13 Reasons to Visit Alaska’s Kenai Peninsula in 2013

 Reblogged from Princess Alaska Blog

Kenai Princess Wilderness Lodge on Bluff

Alaska’s Kenai Peninsula is the ideal destination for anyone wanting to experience the wonder and majesty of the Last Frontier. In honor of 2013, we’ve pulled our top 13 reasons to head to the Kenai Princess Wilderness Lodge this summer.

Flying fishing in Alaska

1 – The Kenai Peninsula may be best known as the home of the famed Russian River, where people from around the globe flock for what has been called some of the best salmon fishing in the world.  From sockeye to coho salmon as well as Dolly Varden and trout, the rivers flowing along the Kenai Peninsula are a fisherman’s paradise. From the Kenai Princess you can quickly get to the Russian River or even take a full- or half-day guided sportfishing trip along the less crowded Kenai River.

2 –You don’t have to pick one kind of fishing, though, when you are vacationing in Alaska. You can fish for everything from salmon to halibut with a saltwater/freshwater combo fishing trip out of Seward, which is located just an hour’s drive from the Kenai Princess Wilderness Lodge.

3– Just outside of Seward is where you will find one of the crown jewels of Alaska, Kenai Fjords National Park. Home of the Harding Icefield, from which flow nearly 40 glaciers, the park offers sight-seeing and adventure activities for travelers of any age.  Whether you opt for our Kenai Fjords National Park cruise or a long hike along the park’s well-maintained trails, Kenai Fjords is a must see for any visitor to the area.

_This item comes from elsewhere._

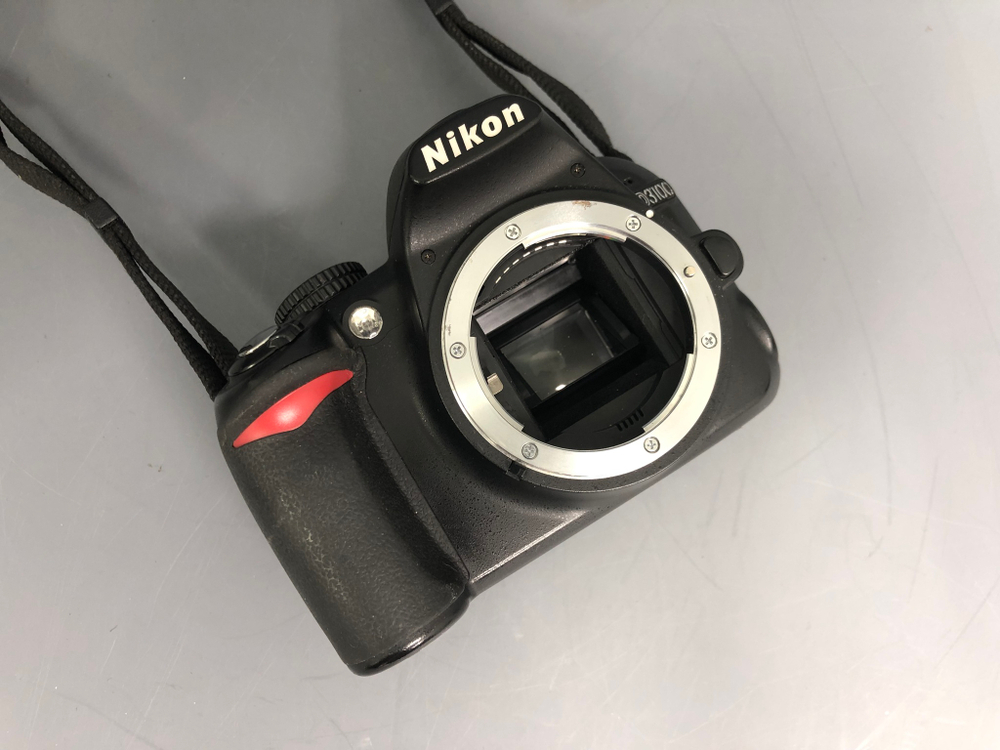 Nikon D3100 + kit 18-55mm 3.5-5.6G VR 48.000 кадров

mcogburn_russianriverbrowns.pdf

4 – With all the species of wildlife that call the Kenai Peninsula home, this could serve as all 13 reasons to visit the area; but we will try to keep our enthusiasm for Alaska’s majestic creatures at bay, at least for the purpose of this blog. From brown bears doing their own version of fishing along the Russian River to Bald Eagles flying overhead in Seward, the Kenai Peninsula offers a perfect chance to see a wide variety of wildlife in their natural habitat. For a more intimate wildlife experience, check out our full day Lake Clark Bear Camp excursion.

5 – Not all of Alaska’s beloved animals are in the wild, though, which is why Princess offers a chance to meet a local dog musher and spend quality time with her cute pack of canine athletes.  Dog mushing is, after all, the official state sport of Alaska.

Whale Tail

6 – For the 21-and-up crowd, the Kenai Peninsula offers the opportunity to visit and sample the goods at a number of local breweries. From Kassik’s Brewery in the town of Kenai to St. Elias Brewing Company and Kenai River Brewing Company just up the road in Soldotna, there is enough variety to tickle any beer lover’s fancy.

7 – Alaska’s history is deeply rooted in the Gold Rush. You can get a taste of history and try to hit it rich with a gold panning experience, which is fun for the entire family.

8 – Looking for a little more adventure? Try river rafting through the Kenai National Wildlife Refuge with a professional guide to help you navigate the Class II+ rapids while you take in the spectacular scenery along the way.

9 – Even if you don’t embark on your own floatplane adventure while in Alaska, you are sure to see plenty of them soaring overhead during your time in the 49th state, which boasts the highest number of licensed pilots per capita in the country. But, if you do feel like taking to the skies, Princess can help you become a pilot for a day, during which time you can get a bird’s eye view of the area’s natural beauty.

Horseback Riding Alaska

10 – On foot, by boat, in a plane – there are many different ways to see Alaska. But don’t forget the possibility of taking a ride on horseback along the trails near Cooper Landing. Just minutes from the Kenai Princess, this is the perfect way for animal lovers to experience the area’s stunning scenery.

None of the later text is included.